Under the account paradigm, transactions can be internal adjustments between asset and liability sides of the balance sheet, or synchronous adjustments on both the asset and liability sides. For instance, when a bank issues a loan to a company, the bank incurs a loan to the firm on the asset side and a deposit from the firm on the liability side. Under the partial reserve system, this process may continue and cause loans to increase  multiple times. Accounts cannot be maintained without financial institutions such as banks. As intermediaries of trust, banks must maintain a high credit rating. Yet the credit risks of banks, including counterparty risks, always exist and challenge their status as intermediaries of trust. Credit risks are part of the endogenous problems of financial infrastructure in the two-level bank account system.

In cash transactions, both parties may conclude a deal as long as they recognize the cash as authentic without involving a third-party intermediary of trust. Token transactions are carried out in similar ways, which makes it possible for cash and tokens to substitute and supplement each other.

Under the two-level bank account paradigm, cash transfers and remittances are carried out through bank account operations. For instance, a cash transfer between different accounts of the same bank requires simultaneous adjustments to both accounts’ balances. Cross-bank transfers require adjustments to the balances of the parties’ deposit accounts at their respective banks and settlement between the two banks as well. Settlement between commercial banks also requires an adjustment to the balances of their deposit reserve accounts at the central bank. Cross-border payments involve more complex bank account operations. When it comes to cross-border payments, digital currencies offer a cost-effective alternative to bank remittances.

(II) Token Paradigm

Facebook’s Libra, in addition to settlement currencies between financial institutions, and central bank digital currencies, will be typical types of tokens used in the future.

Under the two-level bank account paradigm, the form and issuance of money are predetermined. In China, for instance, renminbi is the legal tender in the bank account system which comprises commercial banks as intermediaries and the central bank. The credibility of these intermediaries is also predetermined. Yet under the token paradigm, the form and value of the tokens will not be predetermined. Tokens will be circulated under a separate mechanism without intermediaries and without a central bank. All it will take will be the blockchain that encompasses such elements as a distributed network and a cryptographic accounts system.

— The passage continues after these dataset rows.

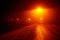 Night road lit by streetlamps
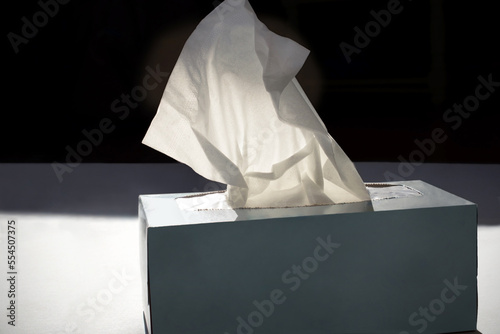 tissue box backlit wih dark background and dramatic light photo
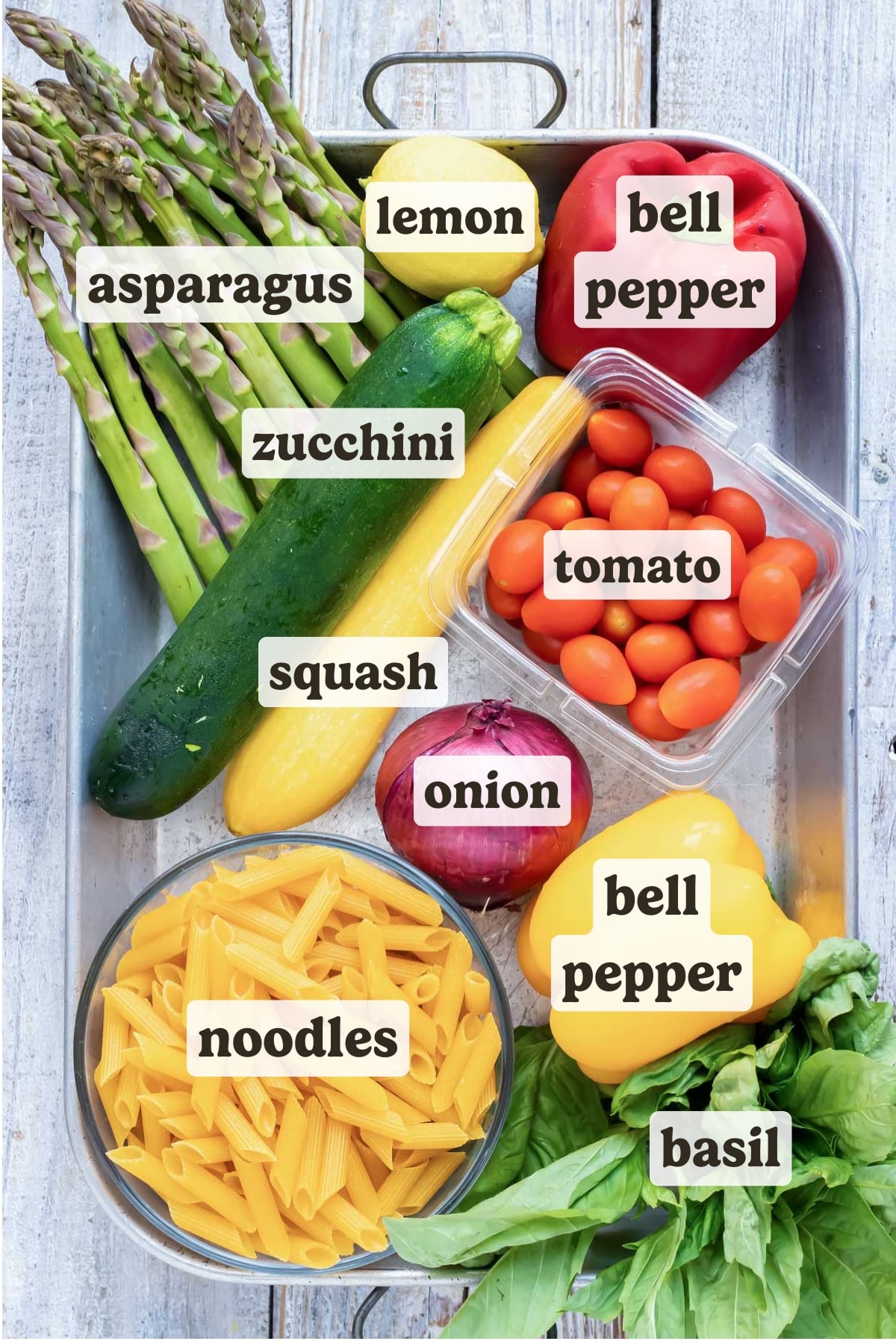 Asparagus, bell pepper, tomatoes, pasta, squash, basil, and lemon as the ingredients for a pasta primavera recipe with lemon butter garlic sauce.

While the function of the bank account system is to record customer funds, a cryptographic account system records not only customer funds but other types of information such as customer identity data. A more important distinction is that a cryptographic account system works in an entirely different way from the financial account system. A bank must know its customer (KYC) to accept and manage that customer’s accounts. The bank must also have a complete set of personnel, business models, and institutional connections, as well as vast experience, to review each customer’s request for financial services and make decisions accordingly. Such formalities, however, are done away with by token systems that operate using blockchain technology. As a technical system comprising a point-to-point network, cryptography, distributed computing, data storage, and underlying technology, blockchain features sophisticated mathematical algorithms and network-based rules. With this set of rules, a blockchain system identifies improper behaviors and rejects untrustworthy customers. The marginal cost for the operation of this algorithm-based set of rules is zero, making the system financially sustainable.

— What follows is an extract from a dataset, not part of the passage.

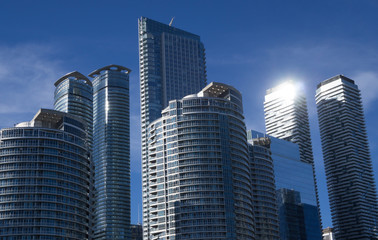 Fototapeta premium Toronto skyscrapers in front of deep blue sky.
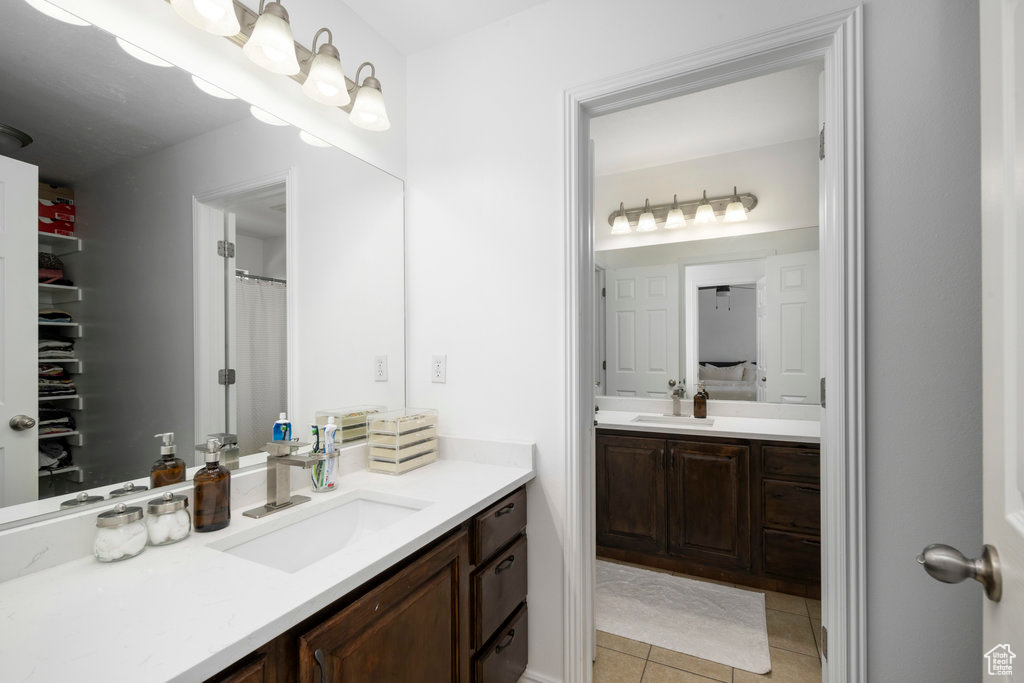 Full bathroom with tile patterned floors and vanity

Transactions lie at the heart of economic and financial activities, and the basis of transactions is credit. Before blockchain came onto the financial horizon, most transactions had to be conducted through an intermediary, which provided the credit necessary for concluding that transactions. Without intermediaries, it would be very hard for both parties to the transaction that did not know about each other to clinch a deal. Yet the token paradigm is free from intermediaries, and credit is provided from the blockchain. Essentially, blockchain is a ‘trust machine,’ which creates an ecosystem of trust in which value transmission, product and labor transactions, and other various economic activities can take place without intermediaries. Blockchain is like a group of robots that supplant intermediaries of trust and enable transactions between strangers based on algorithms without resorting to any third party.

Both the bank account system and the cryptographic account system of a blockchain share the same goal of facilitating transactions and economic activities. In this sense, the traditional bank account system and the rising token system share the same functions.

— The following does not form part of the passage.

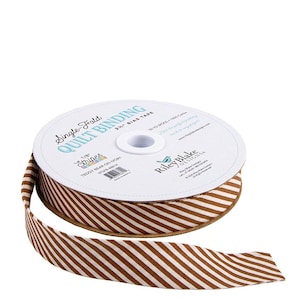 May include: A spool of brown and ivory striped quilt binding tape. The tape is labeled "Single Fold Quilt Binding" and "Teddy Bear on Ivory". The tape is 2.5 inches wide and made of 100% cotton.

III. Tokens, Currencies and Sovereign Currencies (Fiat Currencies)

To date, digital currencies are yet to be used as a unit of account due to volatile prices or lack of a reliable pricing benchmark. This problem is, in a large measure, addressed by Libra. Libra will maintain its price stability since it will peg its price to a basket of common fiat currencies, operate in a similar way to a money market fund and invest in a similar way to a central bank while owning a pool of assets with relatively stable value. Even with this stability mechanism, it may only serve as a token; here it is distinguished from other digital currencies merely in terms of the stability of its value. Apart from the stable value, Libra is far from being fiat money.

There are a plethora of definitions of money, but their differences are much smaller than people claim them to be.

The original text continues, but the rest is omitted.